Could you give the listing again exactly, without its pictures?

== Segment start ==

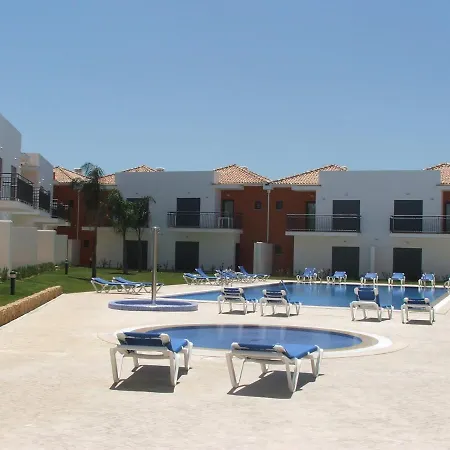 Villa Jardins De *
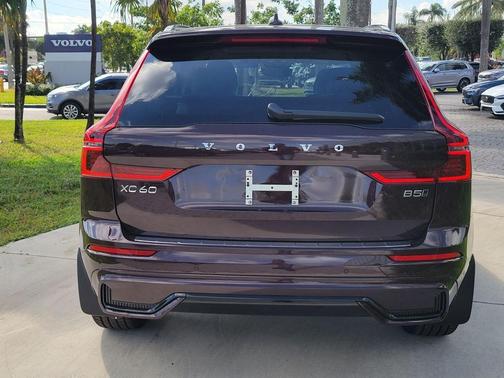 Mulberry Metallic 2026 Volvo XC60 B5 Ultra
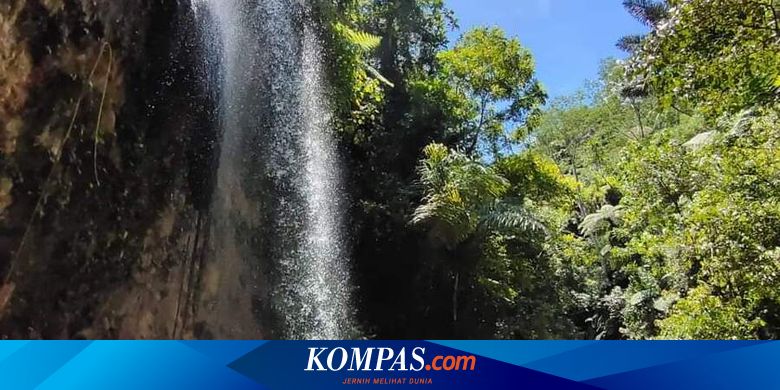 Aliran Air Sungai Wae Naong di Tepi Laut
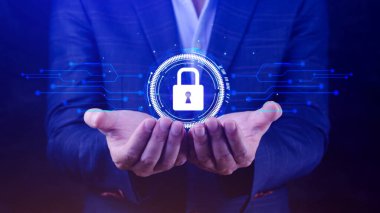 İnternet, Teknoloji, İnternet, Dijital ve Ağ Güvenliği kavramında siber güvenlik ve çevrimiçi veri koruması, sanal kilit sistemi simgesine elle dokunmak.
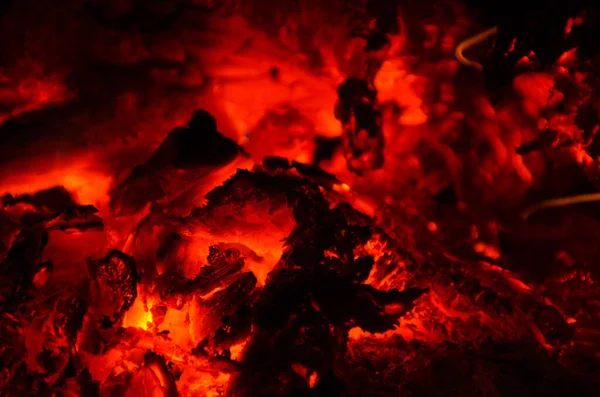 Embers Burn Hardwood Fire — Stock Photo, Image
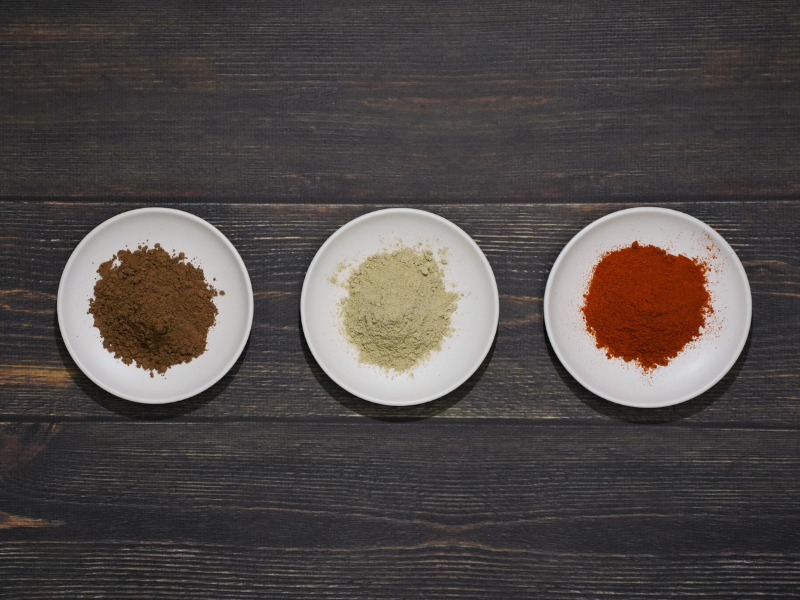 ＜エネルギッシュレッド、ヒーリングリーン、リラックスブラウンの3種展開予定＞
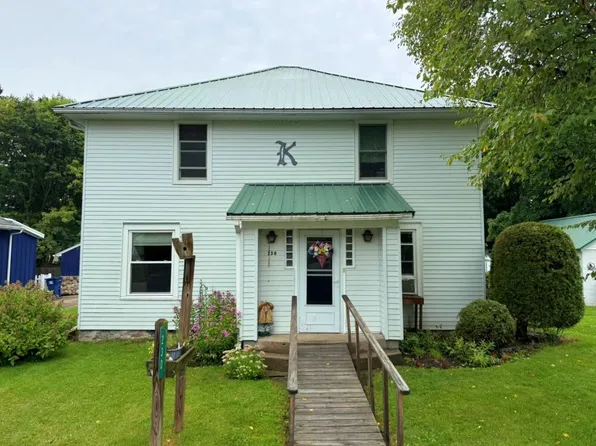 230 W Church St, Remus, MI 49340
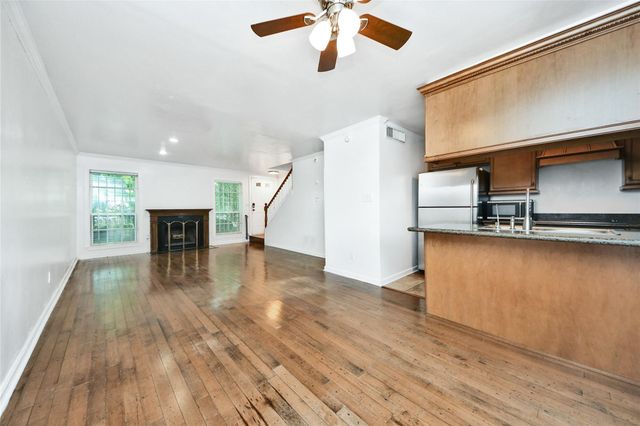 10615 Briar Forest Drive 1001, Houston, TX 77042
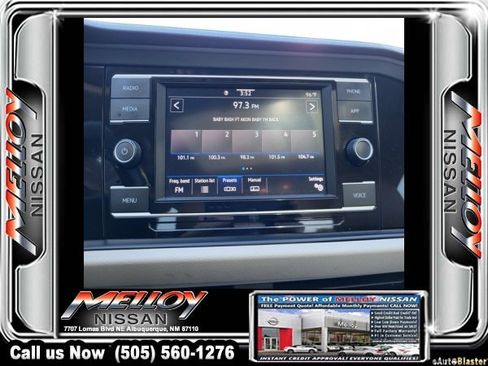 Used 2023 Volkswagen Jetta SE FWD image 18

== Segment end ==

Response -
 Villa Jardins De *
 Mulberry Metallic 2026 Volvo XC60 B5 Ultra
 Aliran Air Sungai Wae Naong di Tepi Laut
 İnternet, Teknoloji, İnternet, Dijital ve Ağ Güvenliği kavramında siber güvenlik ve çevrimiçi veri koruması, sanal kilit sistemi simgesine elle dokunmak.
 Embers Burn Hardwood Fire — Stock Photo, Image
 ＜エネルギッシュレッド、ヒーリングリーン、リラックスブラウンの3種展開予定＞
 230 W Church St, Remus, MI 49340
 10615 Briar Forest Drive 1001, Houston, TX 77042
 Used 2023 Volkswagen Jetta SE FWD image 18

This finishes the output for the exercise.